Nessuno qui oggi - mentre Silvio Berlusconi è asserragliato e combatte la sua battaglia contro quello che chiama 'attacco politico-giudiziario' - usa piu' i toni dell'antiberlusconismo violento di Bastia umbra. Si vira piuttosto, nel documento in 23 pagine e 5 capitoli, verso un antiberlusconismo di fatto, proposto disegnando una destra "del futuro". Un partito moderno, plurale, democratico, repubblicano, nazionale, liberale, con culture che si incrociano in un grande progetto di modernizzazione del paese, un partito di stampo europeo, non populista ma popolare, non omofobo ma tollerante, non xenofobo ma pronto a fare della cittadinanza un guscio di diritti e di doveri, laico ma mai laicista. Una destra simile a quella inglese, tedesca, francese, spagnola, americana.

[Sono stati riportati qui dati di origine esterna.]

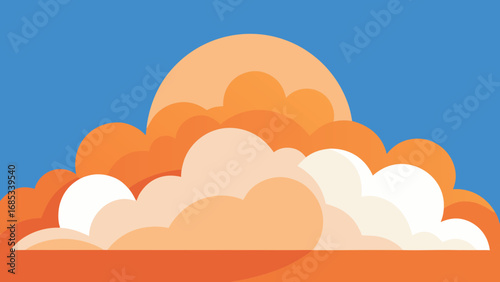 Fluffy cumulus clouds drifting across the sky a peaceful natural weather scene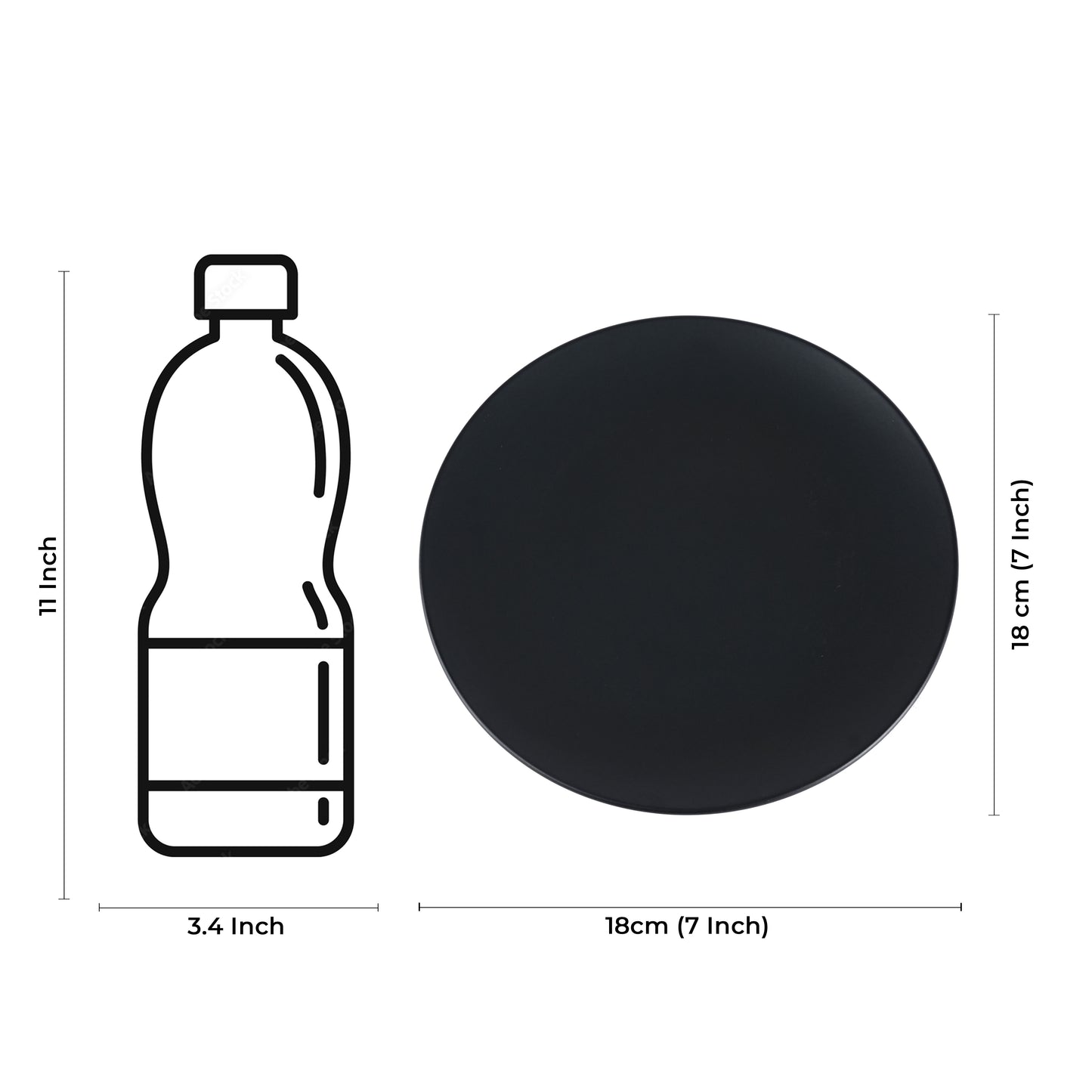 Caffeine Ceramic Handmade Stoneware black Ferrous Quarter Plates Side Plates (7 inch, Set of 2, Microwave & Dishwasher Safe) - Caffeine Premium Stoneware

Lo spavento della mancata spallata, nello scontro finale della fiducia il 14 dicembre, pesa. Il tema del futuro cammino, delle alleanze di domani, del rapporto con il Terzo Polo e quindi della leadership che Pier Ferdinando Casini nei fatti ha preso per se' c'e' tutto. Ma ognuno lo elide a modo suo. Chi negando che mai si andrà a sinistra (Andrea Ronchi, Pasquale Viespoli, Adolfo Urso). Chi spiegando che se un percorso comune c'è è solo quello per "scrivere insieme le regole" (Italo Bocchino, che forse sara' investito del ruolo di segretario) o per "arginare una eventuale emergenza democratica" (Fabio Granata).
Intanto, lasciando Fini "soddisfatto", falchi e colombe sembrano adesso remare nella stessa direzione (fatto salvo l'aspro confronto in commissione statuto che andra' avanti fino a notte fonda sui ruoli da affidare per la gestione del partito) e fanno a gara nel dire che Fli e' la destra nuova, del futuro. "Siamo ai titoli di coda per Berlusconi - spiega bene Bocchino -, che potra' cadere tra due ore per via giudiziaria, tra due mesi perche' la Lega staccherà la spina, tra due anni perchè si arriva fino alla fine della legislatura. E noi ci prepariamo perche' quando arrivera' quel momento Fini e Casini, che il centrodestra lo hanno costruito, saranno gia' pronti con un nuovo contenitore, per costruire un percorso di modernizzazione alternativo alla sinistra".
Mentre intorno la politica gira in un gorgo impazzito, i futuristi si sforzano di guardare "all'Italia del 2020". "Oggi c'è un giro di boa nella nostra storia politica - dice ancora Bocchino -.Non vogliamo più essere berlusconiani, perché quel progetto è fallito, ne antiberlusconiani, perche' non ci appartiene più la contrapposizione sterile. Non ci stiamo piu', usciamo dal teatrino. Dopo venti anni sappiamo chi ne è l'impresario". Si scende dalla giostra, ma solo per cancellare l'idea della destra come Berlusconi la vuole.